The Givens rotation block is shown on the left of Fig. 5. It is simply a \(2\times 2\) matrix to vector multiplication. If the second element b is already zero, then Givens rotation is simply \(a = M\) and \(b = 0\). This assignment is implemented with multiplexers. Givens rotation unit is accompanied by a comparator to avoid assigning wrong values to zeroed positioned elements shown in the top left of Fig. 5. In that case, the first element is equal to the magnitude. For complete matrix R now select \(a = a_{21}\) and \(b =a_{31}*\) and repeat until all the lower triangular elements are turned to zero. The matrix Q is obtained by performing the same generated rotations to an identity matrix. A small address generation unit is used for row selection.
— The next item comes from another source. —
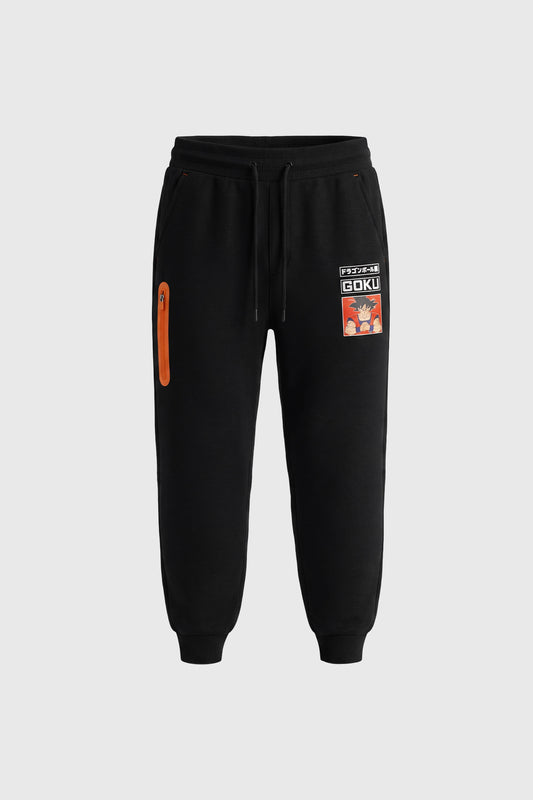 Pantalón Buzo Niño Dragon Ball Negro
Row pairs are selected to be operated in parallel. The rotations are applied to all the columns of the selected rows.

Fig. 5
figure 5

RTL diagram of magnitude calculator for QR

A single matrix is used for input A and output R to reduce the number of resources. The critical path is in the Givens generation block because of the magnitude unit. This block has a division and square root operator. The generated Verilog code can be modified at RTL level to pipeline the architecture. Also, the number of parallel rotations impact resources and performance. Resource optimization is employed since this unit is not on the critical path. The generation and rotation blocks are parallelized by a factor of two and pipelined with an initiation interval of 4.

3.3 SVD

Fig. 6
figure 6

RTL diagram of SVD

This work uses the two-sided Jacobi method [21] to perform SVD. The Vivado HLS library [26] is adopted as a reference unit and optimized for the target application. This implementation is for real numbers. The implementation is shown in Fig. 6. Algorithm 3 demonstrates the execution of SVD. The SVD unit consists of the diagonal processor (DP) and non-diagonal processor. The DP takes as input the 2D matrix A, divided into N/2 \(2\times 2\) submatrices. Matrix A is the same as Eq. (8) and Jacobi left and right matrices are given by \(u = \begin{bmatrix} c1 &{} s1 \\ -s1 &{} c1 \\ \end{bmatrix}\) and \(v = \begin{bmatrix} c2 &{} s2 \\ -s2 &{} c2 \\ \end{bmatrix}\), where \(c = \cos (\theta )\) and \(s= \sin (\theta )\). For \(\theta\), we have \(\theta = \frac{1}{2} \arctan \frac{b+c}{d-a}\) to avoid calculation of arctan, consider

$$\begin{aligned} \tan (2 \theta ) = \frac{2b}{({d-a})}. \end{aligned}$$
(11)
figure d

The implementation of angle calculation is shown in Fig. 7. A divisor depicted in the figure generates \(\tan (2 \theta )\). By the use of trigonometric identities, cos and sine are derived. They are as under

$$\begin{aligned} \begin{aligned} \cos (\theta )& = \frac{1}{\sqrt{1+\left(\tan ^{2}( \theta )\right)}},\\ \sin (\theta )& = \cos ( \theta ). \tan ( \theta ),\\ \tan \left(\frac{\theta }{2}\right)& = \frac{(1-\cos (\theta ))}{\sin (\theta )}.\\ \end{aligned} \end{aligned}$$
(12)

The computation of half-angle identities is shown in the left of Fig. 7. Angle calculator is shown in the right of Fig. 7, which consists of a tree of multiplexers to select the correct angle based on whether the number is real, imaginary or complex.

Fig. 7
figure 7

RTL diagram of angle calculator

The Jacobi matrix generation is shown in Fig. 8. The numerator and denominator of (11) are computed via adder and subtractor and passed to the angle calculator unit. The Jacobi matrices are generated using \(c = \cos (\alpha \mp \beta )\) and \(s = \cos (\alpha \pm \beta )\) identities, where \(\alpha\) and \(\beta\) are half angles calculated previously. The identities are implemented with simple vector multiplier. The Jacobi rotations are given by

$$\begin{aligned} \begin{bmatrix} c1 &{} -s1 \\ s1 &{} c1 \\ \end{bmatrix} \begin{bmatrix} a11 &{} a12 \\ a21 &{} a22 \\ \end{bmatrix} \begin{bmatrix} c2 &{} s2 \\ -s2 &{} c2 \\ \end{bmatrix} = \begin{bmatrix} a11 &{} 0 \\ 0 &{} a22 \\ \end{bmatrix}. \end{aligned}$$
(13)

Thus Jacobi rotations are simple matrix multiplications and are implemented by vector multipliers in Fig. 8.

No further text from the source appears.